朴泰遠(パク・テウォン)の小説に「寂滅」という作品がある。1930年、東亜(トンア)日報に連載された小説だが、そこに次のような一節が登場する。「人生は夢だ。そして人生が追いかけるのも夢だ」。なんと90年前に朴泰遠は分かっていたのだ。人生が夢に向かっていて、夢で形成されているということを。人生は堅固な現実を土台にしているように見える。しかし、人生の重要な一部は実体のない夢だ。夢を抱かずに私たちは昼を生きることはできない。夢を抱かずには人生を生きることもできない。
毎日の夢が集まって1年になった。12月が過ぎ去れば、1年は別れを告げて去るだろう。消えていく2021年は二度と戻らない。だからこの詩をよもう。詩人の鄭洋(チョン・ヨン)の「その夢を全て忘れようと」は、私たちが抱いたすべての夢についての詩、すべての日々についての詩だ。夢で築いた1年を整理するのにこの詩ほど適切な作品はない。12月にこの詩をよまなければ、一体いつよむというのだろうか。

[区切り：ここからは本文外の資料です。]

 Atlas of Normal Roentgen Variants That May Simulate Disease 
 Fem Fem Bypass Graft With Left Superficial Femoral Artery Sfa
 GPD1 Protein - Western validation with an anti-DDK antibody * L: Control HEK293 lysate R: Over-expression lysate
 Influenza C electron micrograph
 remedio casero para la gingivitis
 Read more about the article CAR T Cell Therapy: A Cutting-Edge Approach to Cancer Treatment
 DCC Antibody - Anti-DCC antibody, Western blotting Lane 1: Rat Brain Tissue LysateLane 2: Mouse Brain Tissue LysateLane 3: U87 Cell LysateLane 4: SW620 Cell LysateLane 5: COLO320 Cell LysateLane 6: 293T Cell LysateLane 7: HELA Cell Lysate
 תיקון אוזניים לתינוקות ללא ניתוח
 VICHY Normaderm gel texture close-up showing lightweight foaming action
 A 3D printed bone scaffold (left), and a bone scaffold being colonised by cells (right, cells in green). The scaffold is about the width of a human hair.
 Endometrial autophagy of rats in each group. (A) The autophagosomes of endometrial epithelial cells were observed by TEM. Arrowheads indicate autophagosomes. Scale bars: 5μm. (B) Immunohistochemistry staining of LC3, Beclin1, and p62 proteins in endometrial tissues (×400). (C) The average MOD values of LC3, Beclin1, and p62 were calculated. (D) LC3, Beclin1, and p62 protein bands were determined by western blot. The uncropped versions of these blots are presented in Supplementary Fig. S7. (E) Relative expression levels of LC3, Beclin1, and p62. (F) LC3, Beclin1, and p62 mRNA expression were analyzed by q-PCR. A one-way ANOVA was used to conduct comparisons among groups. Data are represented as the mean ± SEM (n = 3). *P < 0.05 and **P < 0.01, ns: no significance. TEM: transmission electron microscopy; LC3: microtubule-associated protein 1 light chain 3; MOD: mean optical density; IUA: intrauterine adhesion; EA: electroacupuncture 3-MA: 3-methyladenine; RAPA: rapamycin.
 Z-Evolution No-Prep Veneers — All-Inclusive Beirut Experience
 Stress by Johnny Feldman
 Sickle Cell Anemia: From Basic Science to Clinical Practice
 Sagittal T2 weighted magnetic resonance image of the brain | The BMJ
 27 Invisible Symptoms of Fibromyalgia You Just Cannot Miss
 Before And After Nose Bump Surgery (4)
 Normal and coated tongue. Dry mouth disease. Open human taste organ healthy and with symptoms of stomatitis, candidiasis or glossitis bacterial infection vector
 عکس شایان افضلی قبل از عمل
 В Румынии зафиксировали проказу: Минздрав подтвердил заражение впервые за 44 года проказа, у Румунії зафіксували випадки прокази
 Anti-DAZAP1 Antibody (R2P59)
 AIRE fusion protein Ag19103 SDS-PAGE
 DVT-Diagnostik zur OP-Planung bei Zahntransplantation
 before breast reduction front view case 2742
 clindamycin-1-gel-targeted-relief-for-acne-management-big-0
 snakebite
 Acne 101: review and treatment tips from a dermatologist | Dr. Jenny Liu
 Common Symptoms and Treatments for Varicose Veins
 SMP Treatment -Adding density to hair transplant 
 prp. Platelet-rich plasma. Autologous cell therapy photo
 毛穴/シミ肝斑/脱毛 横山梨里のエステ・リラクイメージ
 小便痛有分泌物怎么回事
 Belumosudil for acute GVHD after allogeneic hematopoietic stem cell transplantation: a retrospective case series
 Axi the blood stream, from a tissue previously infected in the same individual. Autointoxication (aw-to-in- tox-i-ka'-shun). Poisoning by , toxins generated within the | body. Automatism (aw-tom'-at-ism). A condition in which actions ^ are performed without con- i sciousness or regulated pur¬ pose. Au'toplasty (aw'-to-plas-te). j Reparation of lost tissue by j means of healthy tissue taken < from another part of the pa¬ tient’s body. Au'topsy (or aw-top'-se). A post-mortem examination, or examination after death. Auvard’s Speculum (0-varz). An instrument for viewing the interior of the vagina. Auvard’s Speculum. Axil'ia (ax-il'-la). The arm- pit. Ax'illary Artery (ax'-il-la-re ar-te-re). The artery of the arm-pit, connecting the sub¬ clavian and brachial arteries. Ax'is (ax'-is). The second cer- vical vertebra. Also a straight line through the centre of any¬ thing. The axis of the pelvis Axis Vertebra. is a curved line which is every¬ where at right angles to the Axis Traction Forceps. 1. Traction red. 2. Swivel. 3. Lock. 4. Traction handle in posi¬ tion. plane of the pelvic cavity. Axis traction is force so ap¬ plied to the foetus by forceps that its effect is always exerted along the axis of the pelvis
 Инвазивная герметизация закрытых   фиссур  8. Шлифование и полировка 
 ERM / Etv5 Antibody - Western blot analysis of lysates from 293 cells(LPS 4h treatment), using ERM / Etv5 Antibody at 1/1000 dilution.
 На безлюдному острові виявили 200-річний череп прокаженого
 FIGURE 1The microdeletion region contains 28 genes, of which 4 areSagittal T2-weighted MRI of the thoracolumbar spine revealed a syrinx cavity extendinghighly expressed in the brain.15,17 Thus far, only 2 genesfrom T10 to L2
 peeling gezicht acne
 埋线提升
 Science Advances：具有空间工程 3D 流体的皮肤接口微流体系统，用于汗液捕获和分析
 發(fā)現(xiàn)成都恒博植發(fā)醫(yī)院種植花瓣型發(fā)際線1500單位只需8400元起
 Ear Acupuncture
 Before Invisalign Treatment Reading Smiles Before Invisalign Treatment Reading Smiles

今年は多くの人々にとって辛く大変な年だった。戦場でも赤ん坊が生まれるように、私たちは大変な中でも夢を抱いた。もっと良くなるだろうという夢、望みをなし遂げるという夢、なりたい人になるという夢。その夢はたいてい実現しない。それでも恨むのをやめよう。忘れなければならない夢も、夢を忘れなければならない私たちも恨むのをやめよう。2021年の残った夢を忘れてこそ、来年の夢を抱くことができるから、今は忘れる時間だ。